ABOUT THIS EXERCISE - I'd like the line containing "Lowell Italy Designové" and each line that follows, through the last line of the material, set down exactly as they are, and no others.

DATASET SECTION -
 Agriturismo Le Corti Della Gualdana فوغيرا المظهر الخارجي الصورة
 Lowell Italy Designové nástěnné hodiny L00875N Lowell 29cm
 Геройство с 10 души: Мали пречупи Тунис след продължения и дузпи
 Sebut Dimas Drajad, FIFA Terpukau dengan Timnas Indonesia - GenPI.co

SOLUTION TO THE PROBLEM -
 Lowell Italy Designové nástěnné hodiny L00875N Lowell 29cm
 Геройство с 10 души: Мали пречупи Тунис след продължения и дузпи
 Sebut Dimas Drajad, FIFA Terpukau dengan Timnas Indonesia - GenPI.co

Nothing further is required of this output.